Dependence on Posterior Estimators: The calculations of ACIV/ILIV rely on the learned $\hat a$ as a true Bayesian posterior. If the estimator is poorly calibrated or overfits, the measured information value will be distorted, which is particularly challenging for high-dimensional signals (images, text).
Single/Well-Defined Utility Function Assumption: The framework assumes a clear utility function. Although the appendix provides robustness analysis (Blackwell order) for all proper scoring rules, tasks where utility is completely unidentifiable remain an open problem.
Future Directions: Applying the framework to real workflows where humans and AI hold genuinely distinct private information and evaluating whether ILIV-SHAP remains effective under factors like cognitive load.

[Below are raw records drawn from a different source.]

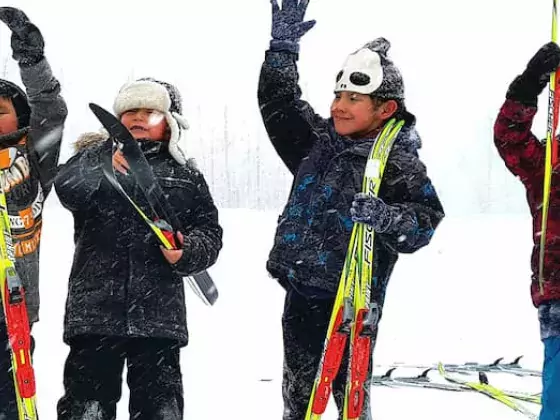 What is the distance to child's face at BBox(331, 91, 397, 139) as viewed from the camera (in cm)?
381

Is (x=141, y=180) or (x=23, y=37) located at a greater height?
(x=23, y=37)

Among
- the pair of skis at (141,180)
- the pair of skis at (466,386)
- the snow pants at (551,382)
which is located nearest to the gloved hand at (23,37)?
the pair of skis at (141,180)

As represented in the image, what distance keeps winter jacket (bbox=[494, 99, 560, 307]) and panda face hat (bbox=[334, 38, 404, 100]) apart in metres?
0.53

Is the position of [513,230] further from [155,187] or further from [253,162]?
[253,162]

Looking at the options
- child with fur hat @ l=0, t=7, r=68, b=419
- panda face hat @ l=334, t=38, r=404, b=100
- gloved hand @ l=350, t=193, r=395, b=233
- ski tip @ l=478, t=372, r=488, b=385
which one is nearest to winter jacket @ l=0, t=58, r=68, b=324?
child with fur hat @ l=0, t=7, r=68, b=419

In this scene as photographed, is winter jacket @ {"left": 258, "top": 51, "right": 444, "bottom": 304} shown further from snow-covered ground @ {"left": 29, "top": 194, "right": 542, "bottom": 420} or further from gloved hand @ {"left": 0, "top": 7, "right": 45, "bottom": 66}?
A: snow-covered ground @ {"left": 29, "top": 194, "right": 542, "bottom": 420}

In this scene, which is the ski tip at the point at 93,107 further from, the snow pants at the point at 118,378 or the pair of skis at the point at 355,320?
the pair of skis at the point at 355,320

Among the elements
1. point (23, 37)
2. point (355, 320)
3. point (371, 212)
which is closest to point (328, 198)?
point (371, 212)

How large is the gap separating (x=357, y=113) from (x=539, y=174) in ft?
2.98

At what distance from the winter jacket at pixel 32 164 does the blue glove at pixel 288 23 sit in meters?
1.08

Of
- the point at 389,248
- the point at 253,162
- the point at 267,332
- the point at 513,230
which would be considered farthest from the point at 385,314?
the point at 253,162

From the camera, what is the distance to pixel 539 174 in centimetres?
376

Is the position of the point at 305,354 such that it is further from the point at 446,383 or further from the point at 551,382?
the point at 446,383

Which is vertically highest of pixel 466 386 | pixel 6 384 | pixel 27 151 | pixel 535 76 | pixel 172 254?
pixel 535 76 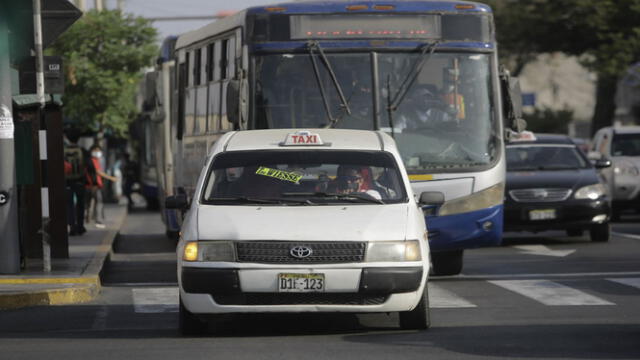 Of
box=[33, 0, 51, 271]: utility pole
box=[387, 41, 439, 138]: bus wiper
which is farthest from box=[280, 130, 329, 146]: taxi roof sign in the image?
box=[33, 0, 51, 271]: utility pole

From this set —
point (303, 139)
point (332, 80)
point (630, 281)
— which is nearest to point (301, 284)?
point (303, 139)

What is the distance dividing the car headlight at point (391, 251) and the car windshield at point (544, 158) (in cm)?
1208

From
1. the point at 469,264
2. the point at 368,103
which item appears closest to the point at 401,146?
the point at 368,103

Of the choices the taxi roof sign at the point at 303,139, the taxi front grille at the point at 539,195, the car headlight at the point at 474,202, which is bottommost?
the taxi front grille at the point at 539,195

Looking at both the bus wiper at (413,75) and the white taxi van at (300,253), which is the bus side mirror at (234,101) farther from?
the white taxi van at (300,253)

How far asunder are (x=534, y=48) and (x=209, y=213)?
120 feet

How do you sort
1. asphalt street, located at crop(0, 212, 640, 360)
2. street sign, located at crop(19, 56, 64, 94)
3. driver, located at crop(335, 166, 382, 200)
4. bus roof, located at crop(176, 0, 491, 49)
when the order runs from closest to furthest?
asphalt street, located at crop(0, 212, 640, 360), driver, located at crop(335, 166, 382, 200), bus roof, located at crop(176, 0, 491, 49), street sign, located at crop(19, 56, 64, 94)

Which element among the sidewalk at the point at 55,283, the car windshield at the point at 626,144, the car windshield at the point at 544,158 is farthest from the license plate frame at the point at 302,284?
the car windshield at the point at 626,144

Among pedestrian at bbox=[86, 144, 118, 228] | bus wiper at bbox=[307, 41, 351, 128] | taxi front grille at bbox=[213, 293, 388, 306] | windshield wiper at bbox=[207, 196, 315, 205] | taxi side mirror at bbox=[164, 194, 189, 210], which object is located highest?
bus wiper at bbox=[307, 41, 351, 128]

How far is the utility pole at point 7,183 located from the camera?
15266mm

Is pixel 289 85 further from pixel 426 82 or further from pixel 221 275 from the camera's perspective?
pixel 221 275

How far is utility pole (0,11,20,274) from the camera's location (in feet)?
50.1

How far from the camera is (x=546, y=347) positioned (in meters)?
9.79

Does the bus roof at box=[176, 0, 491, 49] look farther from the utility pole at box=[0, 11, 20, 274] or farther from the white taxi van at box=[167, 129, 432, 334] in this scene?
the white taxi van at box=[167, 129, 432, 334] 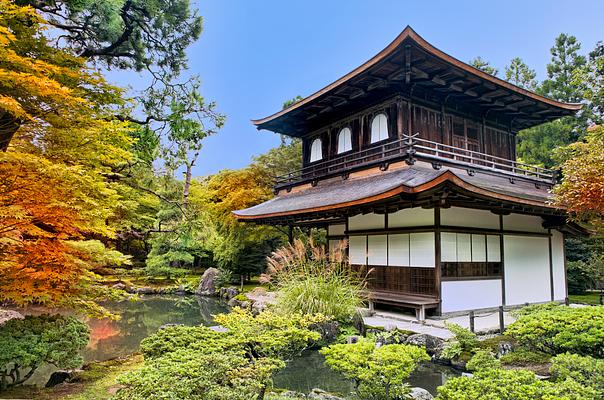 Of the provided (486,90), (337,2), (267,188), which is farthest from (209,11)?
(337,2)

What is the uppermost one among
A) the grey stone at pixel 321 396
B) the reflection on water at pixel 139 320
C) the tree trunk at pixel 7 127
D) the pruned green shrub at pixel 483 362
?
the tree trunk at pixel 7 127

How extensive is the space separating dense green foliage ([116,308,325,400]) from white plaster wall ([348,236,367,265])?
514 centimetres

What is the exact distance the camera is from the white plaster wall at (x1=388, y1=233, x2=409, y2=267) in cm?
818

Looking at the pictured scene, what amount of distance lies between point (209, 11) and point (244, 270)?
11406 millimetres

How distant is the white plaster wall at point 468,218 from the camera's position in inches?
306

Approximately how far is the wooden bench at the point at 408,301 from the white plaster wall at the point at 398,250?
677 mm

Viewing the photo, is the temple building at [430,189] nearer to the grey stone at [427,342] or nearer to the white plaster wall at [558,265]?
the white plaster wall at [558,265]

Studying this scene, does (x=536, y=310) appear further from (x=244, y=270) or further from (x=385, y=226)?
(x=244, y=270)

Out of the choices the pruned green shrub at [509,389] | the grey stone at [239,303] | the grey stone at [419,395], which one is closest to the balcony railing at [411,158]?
the grey stone at [239,303]

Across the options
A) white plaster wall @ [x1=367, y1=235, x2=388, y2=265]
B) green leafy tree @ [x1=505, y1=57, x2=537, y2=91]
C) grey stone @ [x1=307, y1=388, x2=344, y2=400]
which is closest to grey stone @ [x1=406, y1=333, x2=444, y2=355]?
grey stone @ [x1=307, y1=388, x2=344, y2=400]

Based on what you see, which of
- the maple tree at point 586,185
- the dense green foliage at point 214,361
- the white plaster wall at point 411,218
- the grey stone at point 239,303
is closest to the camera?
the dense green foliage at point 214,361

vs. Guo et al. (2024): Both use "Bayesian optimal performance" as an upper bound. While Guo et al. model rational performance in choosing between human vs. AI recommendations, this paper further decomposes that upper bound into complementary info value relative to any agent's decision and refines it to the instance level for explanations.
vs. Traditional SHAP (Lundberg & Lee, 2017): SHAP explains "how features impact predictions," whereas ILIV-SHAP explains "how features impact the complementary information value of that prediction to a human." They share axioms but answer different questions; the latter's monotonic target improves sampling stability.
vs. Learning-to-defer / Information Asymmetry (Mozannar et al.; Straitouri et al.; Alur et al.): These works typically focus on "designing for complementarity" (e.g., learning when to defer). This paper provides an explainable analytical framework to quantify info value across all signals, guiding information-based interventions like model selection, data collection, and explanation design.

Rating¶

Novelty: ⭐⭐⭐⭐⭐ Bridging decision-theoretic info value, complementarity, and explainability is highly novel.
Experimental Thoroughness: ⭐⭐⭐⭐ Solid combination of pre-registered experiments, real-world demonstrations (X-ray/Deepfake), and sensitivity analysis, though core complementarity was synthetic.
Writing Quality: ⭐⭐⭐⭐ Definitions are progressive and clear, though math-heavy.
Value: ⭐⭐⭐⭐⭐ Provides actionable theoretical tools and explanation methods for evaluating and improving human-AI collaboration.